The recorded weather data should tell the story, though. Good luck with it.


----------



## tc65 (Jan 9, 2012)

Just a thought for future reference. A few years ago I was cooperating in some field research using plastic to solarize soil and kill pathogens. We would cover large areas in a field with plastic and monitor pathogen levels before and after as well as monitor crop production after solarization. 

Anyway, we always used clear plastic to achieve the highest temps. With any plastic covering you get condensation but with clear plastic, the sun's rays pass through the plastic and the moisture condensed on the inside which magnifies the rays and temperature (think magnifying glass to fry ants on sidewalk). I don't recall the temperatures we were able to achieve but we were able to lessen the pathogens in the soil.

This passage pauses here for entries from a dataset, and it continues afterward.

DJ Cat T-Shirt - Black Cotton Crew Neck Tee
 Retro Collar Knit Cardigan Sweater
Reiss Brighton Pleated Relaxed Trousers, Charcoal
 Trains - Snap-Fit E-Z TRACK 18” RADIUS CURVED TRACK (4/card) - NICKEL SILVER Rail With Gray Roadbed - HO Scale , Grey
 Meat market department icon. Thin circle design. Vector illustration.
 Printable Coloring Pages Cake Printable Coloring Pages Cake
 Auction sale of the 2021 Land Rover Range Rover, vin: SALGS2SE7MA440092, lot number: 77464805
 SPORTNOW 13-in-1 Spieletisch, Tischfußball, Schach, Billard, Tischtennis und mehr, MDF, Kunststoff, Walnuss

Another thought, is that with your lumber elevated on the wagon, you won't generate as much heat as you would if it were stacked on the ground or a concrete pad which would hold some of the heat generated during the day. With it elevated, your temperature will always be lowered as ambient air passes around your load.

If you are willing to experiment (and the fact you have a weather station) you might try stacking some of the lumber on the ground, covering with clear plastic and seeing what the differences are.


----------



## Mizer (Mar 11, 2010)

Since you all-ready have it sealed up how about fumigating it? I do not now anything about the process other than it seems like you would have to seal it up like you all-ready have. If you could hook a hose up from my 16 year old sons room for a day or two nothing would be left alive for sure.


----------



## Tennessee Tim (Dec 15, 2010)

YEAH.....IT'S an experiment and the temps aren't looking good since the battery change. To my surprise and as TRC stated the black is hot to touch but nothing much inside. Black bottom clear top might magnify the sun into the "envelope". This experiment is coming to an end soon with fumigation due to I NEED THE WAGON :laughing::laughing::laughing: to gather more nice logs :thumbsup::thumbsup: (Praise the Lord).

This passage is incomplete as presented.